--- WHAT TO WORK ON ---
The entries below hold a line with "Primary Photo - 2108 W Ainslie St" and a line with "2020 Peterbilt 579". Return those lines and all that lie between them, exactly and only.

--- INPUT ---
....

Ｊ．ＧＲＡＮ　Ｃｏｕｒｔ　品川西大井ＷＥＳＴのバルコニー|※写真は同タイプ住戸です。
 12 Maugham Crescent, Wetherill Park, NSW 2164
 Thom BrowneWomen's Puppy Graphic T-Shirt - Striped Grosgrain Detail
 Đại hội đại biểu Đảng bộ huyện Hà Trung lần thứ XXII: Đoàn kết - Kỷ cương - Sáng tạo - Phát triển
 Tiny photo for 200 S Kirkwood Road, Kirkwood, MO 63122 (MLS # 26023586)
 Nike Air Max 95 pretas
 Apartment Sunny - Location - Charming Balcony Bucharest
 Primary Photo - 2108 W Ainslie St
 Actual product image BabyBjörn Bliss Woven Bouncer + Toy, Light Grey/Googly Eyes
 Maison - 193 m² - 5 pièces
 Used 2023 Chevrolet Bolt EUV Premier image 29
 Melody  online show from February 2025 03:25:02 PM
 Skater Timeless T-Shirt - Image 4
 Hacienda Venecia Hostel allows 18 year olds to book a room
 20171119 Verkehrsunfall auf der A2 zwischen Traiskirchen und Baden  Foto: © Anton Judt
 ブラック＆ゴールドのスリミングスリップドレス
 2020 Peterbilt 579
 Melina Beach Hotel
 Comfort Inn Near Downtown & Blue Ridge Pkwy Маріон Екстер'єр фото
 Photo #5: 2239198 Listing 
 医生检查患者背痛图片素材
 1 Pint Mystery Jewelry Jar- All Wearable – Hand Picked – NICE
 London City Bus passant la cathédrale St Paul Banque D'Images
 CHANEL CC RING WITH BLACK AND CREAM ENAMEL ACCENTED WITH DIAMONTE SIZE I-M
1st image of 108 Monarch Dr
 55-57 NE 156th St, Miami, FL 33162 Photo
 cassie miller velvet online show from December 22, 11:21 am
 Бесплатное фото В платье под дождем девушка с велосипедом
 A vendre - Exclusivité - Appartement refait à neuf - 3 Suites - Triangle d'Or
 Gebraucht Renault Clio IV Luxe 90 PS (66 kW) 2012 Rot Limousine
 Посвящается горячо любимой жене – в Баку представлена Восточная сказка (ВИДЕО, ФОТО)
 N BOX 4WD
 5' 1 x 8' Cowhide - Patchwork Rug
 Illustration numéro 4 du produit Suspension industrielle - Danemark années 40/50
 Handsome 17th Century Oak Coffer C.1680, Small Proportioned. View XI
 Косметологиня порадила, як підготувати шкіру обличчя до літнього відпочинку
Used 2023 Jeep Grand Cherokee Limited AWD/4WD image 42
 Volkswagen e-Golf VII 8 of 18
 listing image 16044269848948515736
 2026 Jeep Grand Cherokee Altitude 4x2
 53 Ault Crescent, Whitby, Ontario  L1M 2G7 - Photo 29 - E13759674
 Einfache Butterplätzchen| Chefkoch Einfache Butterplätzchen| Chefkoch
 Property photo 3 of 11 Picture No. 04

....

--- EXERCISE OUTPUT ---
 Primary Photo - 2108 W Ainslie St
 Actual product image BabyBjörn Bliss Woven Bouncer + Toy, Light Grey/Googly Eyes
 Maison - 193 m² - 5 pièces
 Used 2023 Chevrolet Bolt EUV Premier image 29
 Melody  online show from February 2025 03:25:02 PM
 Skater Timeless T-Shirt - Image 4
 Hacienda Venecia Hostel allows 18 year olds to book a room
 20171119 Verkehrsunfall auf der A2 zwischen Traiskirchen und Baden  Foto: © Anton Judt
 ブラック＆ゴールドのスリミングスリップドレス
 2020 Peterbilt 579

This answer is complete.